“Soal duta sanitasi baiknya tanya ke Pokja, karena saya niatnya hanya membantu,” katanya sambil tersenyum ramah.
Ikke mengaku hanya terpanggil untuk mendukung program sanitasi, berlandaskan pengalaman pribadinya, pengalaman traumatik masa kecil, yang tak ingin dialami lagi oleh penerusnya. Ikke dan manajemennya pun mengaku terbuka untuk mendukung program sanitasi di pusat atau daerah, bukan sekadar hadir menghibur bernyanyi di kegiatan sanitasi, namun terlibat dalam aktivitasi sanitasi apa pun.

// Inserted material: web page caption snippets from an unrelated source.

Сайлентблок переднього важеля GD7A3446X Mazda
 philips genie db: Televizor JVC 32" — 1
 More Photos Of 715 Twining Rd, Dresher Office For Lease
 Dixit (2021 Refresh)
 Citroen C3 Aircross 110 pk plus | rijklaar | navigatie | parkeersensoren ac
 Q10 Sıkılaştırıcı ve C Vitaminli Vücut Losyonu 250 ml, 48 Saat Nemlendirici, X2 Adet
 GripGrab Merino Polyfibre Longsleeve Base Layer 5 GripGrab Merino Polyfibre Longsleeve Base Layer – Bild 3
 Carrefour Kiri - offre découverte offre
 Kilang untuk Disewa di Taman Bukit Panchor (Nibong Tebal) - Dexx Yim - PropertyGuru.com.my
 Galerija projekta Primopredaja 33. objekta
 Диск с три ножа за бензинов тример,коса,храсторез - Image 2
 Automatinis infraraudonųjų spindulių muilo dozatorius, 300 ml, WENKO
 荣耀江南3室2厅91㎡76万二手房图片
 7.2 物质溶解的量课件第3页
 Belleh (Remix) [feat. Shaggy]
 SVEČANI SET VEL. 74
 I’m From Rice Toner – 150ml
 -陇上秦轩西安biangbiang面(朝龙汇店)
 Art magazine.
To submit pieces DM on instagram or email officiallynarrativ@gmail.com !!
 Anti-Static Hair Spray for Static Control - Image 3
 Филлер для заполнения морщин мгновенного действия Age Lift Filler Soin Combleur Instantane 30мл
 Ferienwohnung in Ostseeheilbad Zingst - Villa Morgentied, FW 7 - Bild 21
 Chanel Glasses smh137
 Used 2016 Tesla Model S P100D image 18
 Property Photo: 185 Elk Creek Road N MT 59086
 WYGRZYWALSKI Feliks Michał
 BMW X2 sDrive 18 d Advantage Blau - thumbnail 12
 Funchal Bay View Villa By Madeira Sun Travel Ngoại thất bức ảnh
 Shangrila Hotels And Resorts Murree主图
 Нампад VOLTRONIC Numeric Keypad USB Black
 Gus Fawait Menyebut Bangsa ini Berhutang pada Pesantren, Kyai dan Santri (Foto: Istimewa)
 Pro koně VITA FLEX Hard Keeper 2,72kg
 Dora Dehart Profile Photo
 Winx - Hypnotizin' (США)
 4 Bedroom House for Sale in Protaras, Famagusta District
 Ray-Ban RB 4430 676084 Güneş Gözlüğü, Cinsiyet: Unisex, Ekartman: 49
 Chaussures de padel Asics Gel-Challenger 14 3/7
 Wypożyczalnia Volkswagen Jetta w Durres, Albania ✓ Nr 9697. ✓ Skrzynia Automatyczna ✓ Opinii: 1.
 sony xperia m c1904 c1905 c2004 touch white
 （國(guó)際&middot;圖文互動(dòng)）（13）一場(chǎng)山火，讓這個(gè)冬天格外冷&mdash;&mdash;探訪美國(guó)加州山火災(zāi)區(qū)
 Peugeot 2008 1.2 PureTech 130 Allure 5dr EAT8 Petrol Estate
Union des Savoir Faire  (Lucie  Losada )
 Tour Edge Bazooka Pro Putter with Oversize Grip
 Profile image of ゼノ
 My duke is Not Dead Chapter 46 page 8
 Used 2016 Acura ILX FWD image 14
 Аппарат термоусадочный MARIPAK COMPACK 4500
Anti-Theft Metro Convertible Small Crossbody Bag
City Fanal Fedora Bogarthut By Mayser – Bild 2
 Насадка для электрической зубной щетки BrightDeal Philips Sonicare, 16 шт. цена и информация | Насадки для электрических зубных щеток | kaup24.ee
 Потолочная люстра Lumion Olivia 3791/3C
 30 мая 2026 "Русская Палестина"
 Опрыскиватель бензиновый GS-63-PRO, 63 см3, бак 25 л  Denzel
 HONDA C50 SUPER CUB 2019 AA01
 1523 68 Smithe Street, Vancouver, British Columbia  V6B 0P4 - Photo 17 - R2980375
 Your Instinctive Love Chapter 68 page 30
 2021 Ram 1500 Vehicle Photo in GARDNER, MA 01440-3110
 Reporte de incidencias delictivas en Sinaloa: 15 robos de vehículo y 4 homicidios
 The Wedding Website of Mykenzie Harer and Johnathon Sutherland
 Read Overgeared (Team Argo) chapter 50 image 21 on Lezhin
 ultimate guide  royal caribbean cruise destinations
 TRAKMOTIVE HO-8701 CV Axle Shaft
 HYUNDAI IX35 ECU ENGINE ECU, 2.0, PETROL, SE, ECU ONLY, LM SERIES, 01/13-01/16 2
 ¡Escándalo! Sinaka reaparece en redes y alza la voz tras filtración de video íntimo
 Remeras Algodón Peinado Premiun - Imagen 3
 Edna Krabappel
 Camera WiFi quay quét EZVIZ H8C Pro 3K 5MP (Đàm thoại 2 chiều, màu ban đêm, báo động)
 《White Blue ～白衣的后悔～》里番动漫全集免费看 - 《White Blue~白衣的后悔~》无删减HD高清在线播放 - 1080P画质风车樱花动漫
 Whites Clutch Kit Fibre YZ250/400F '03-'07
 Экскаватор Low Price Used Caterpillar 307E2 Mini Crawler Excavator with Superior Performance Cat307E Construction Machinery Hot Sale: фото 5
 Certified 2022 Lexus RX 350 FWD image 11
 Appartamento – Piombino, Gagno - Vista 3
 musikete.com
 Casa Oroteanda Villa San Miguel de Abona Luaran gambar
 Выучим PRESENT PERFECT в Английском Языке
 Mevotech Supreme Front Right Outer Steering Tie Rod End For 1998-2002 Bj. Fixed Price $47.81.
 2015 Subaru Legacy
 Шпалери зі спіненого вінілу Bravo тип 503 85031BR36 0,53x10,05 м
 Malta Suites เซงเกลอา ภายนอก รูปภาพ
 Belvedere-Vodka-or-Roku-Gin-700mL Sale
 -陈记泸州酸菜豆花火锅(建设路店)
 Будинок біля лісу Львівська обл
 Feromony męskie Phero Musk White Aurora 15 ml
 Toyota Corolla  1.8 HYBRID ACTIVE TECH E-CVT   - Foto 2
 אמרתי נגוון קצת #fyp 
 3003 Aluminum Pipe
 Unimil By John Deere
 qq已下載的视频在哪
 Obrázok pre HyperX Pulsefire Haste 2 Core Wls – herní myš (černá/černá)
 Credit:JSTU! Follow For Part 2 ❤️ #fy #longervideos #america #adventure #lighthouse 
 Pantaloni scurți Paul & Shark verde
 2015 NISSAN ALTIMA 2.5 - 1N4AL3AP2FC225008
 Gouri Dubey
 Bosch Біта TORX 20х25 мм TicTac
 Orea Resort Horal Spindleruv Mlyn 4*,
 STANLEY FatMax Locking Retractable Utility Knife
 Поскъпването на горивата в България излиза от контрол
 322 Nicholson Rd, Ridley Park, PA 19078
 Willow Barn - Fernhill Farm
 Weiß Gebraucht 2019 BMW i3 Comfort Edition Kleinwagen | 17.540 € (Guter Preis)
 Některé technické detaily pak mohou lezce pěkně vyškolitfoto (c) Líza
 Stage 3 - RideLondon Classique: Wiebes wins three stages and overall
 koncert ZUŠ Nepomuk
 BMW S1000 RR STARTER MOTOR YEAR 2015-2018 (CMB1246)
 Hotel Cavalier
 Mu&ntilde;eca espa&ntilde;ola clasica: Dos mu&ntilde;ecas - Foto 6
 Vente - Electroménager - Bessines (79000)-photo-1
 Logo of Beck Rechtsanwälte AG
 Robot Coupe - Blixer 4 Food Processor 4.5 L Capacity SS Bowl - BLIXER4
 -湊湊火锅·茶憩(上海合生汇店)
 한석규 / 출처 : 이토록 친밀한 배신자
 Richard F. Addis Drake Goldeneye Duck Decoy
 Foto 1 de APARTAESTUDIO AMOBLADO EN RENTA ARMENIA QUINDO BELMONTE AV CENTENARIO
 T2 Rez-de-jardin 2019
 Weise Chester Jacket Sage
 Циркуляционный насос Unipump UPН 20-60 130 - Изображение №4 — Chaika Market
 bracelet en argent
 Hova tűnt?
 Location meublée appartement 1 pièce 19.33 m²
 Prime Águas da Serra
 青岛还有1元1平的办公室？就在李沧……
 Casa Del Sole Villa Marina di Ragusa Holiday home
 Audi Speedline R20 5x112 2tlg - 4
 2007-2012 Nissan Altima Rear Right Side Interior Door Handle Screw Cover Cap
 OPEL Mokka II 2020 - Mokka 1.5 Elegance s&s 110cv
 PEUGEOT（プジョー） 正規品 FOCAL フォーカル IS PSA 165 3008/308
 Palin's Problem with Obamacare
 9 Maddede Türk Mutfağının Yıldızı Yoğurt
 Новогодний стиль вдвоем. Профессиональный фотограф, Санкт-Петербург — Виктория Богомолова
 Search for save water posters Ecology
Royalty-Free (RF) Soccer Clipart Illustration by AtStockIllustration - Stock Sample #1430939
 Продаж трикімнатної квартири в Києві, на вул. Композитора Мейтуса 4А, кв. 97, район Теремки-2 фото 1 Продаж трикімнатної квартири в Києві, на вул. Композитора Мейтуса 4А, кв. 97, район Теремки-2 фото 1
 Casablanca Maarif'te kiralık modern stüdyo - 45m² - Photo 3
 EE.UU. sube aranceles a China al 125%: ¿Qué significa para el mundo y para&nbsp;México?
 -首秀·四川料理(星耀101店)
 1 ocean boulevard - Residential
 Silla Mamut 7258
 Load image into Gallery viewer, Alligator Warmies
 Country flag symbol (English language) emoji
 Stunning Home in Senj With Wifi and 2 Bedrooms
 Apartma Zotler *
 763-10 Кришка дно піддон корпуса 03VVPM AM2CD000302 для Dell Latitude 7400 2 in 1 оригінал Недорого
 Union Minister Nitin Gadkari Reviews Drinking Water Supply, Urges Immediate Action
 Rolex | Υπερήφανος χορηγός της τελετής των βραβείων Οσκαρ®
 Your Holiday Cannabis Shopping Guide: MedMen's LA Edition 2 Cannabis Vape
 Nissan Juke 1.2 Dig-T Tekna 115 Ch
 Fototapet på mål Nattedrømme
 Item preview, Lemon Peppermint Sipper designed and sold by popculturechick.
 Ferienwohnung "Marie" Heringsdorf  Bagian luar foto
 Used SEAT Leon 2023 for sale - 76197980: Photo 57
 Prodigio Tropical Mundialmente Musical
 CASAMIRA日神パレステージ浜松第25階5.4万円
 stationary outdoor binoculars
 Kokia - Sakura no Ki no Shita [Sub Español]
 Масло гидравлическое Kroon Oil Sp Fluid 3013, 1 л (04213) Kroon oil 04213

“Duta itu kan hanya simbolis. Saya hanya ingin melakukan sesuatu, hal kecil apa yang bisa saya lakukan, daripada hanya marah-marah,” kata Ikke yang kerap mencetuskan keluhannya soal toilet tak layak di medsos.
Saat ditanya mengenai rencana langkah selanjutnya apa yang ingin Ikke lakukan sebagai bentuk kontribusinya untuk mengatasi masalah sanitasi, Ikke mengatakan kalau setiap usai bernyanyi dia biasanya menyerukan agar penonton menjaga keamanan dan ketertiban, ia berencana akan menambahkan seruan baru, jaga kebersihan, buang sampah pada tempatnya atau kalau perlu bawa pulang sampah jangan tersisa di area pertunjukkan. Langkah lainnya, Ikke menyebarkan kepedulian peduli sanitasi lewat jejaring yang ia punya, fans club dan komunitasnya yakni Kommunike.
Jadi Influencer
Kalau bukan duta, lantas apa sebutannya meski sebenarnya Ikke tak butuh sebutan apa pun untuk menunjukkan dukungannya?
Influencer kemudian menjadi kata yang tercetus, bukan oleh Ikke tapi oleh Eko Wiji Purwanto, Penyelia Program Knowledge Day KSAN 2015 sekaligus Sekretariat Pokja AMPL Kementerian PPN/Bappenas. Pernyataan Eko ini sekaligus konfirmasi untuk saya juga Ikke.
“Ikke tidak cocok jadi duta, tapi lebih kepada influencer,” kata Eko sambil berbincang dengan Ikke.
Harapannya, kata Eko, Ikke bisa menjadi influencer untuk teman-teman sesama artis untuk lebih peduli sanitasi. Ikke, lanjut Eko, punya personality dan expertise, yang kemudian bisa berkolaborasi untuk berkontribusi terhadap program sanitasi dengan bermitra bersama sumber dana dan pihak berwenang yang terkait dengan berbagai program sanitasi dan air minum.
KSAN 2015 memang beda. Ketika seluruh stakeholder sanitasi dan air minum dipertemukan dengan kesamaan tujuan, menyampaikan impian hingga kontribusi nyatanya dengan ketulusan, maka terbukalah jalan untuk mencapai akses universal yang menjadi ambisi bersama. Hingga akhirnya, 100 persen akses sanitasi bisa tercapai, tidak ada lagi masyarakat yang rumahnya tidak memiliki jamban, tidak ada lagi masyarakat yang BAB sembarangan, rumah kumuh menjadi hilang sama sekali, dan akses air minum mencapai 100 persen sehingga tak ada lagi warga yang harus berjalan kaki 3 km jauhnya untuk mendapatkan seember air atau membayar Rp 100.000 untuk kebutuhan air minum 1-2 minggu.
#KSAN 2015, satu dari sekian catatan.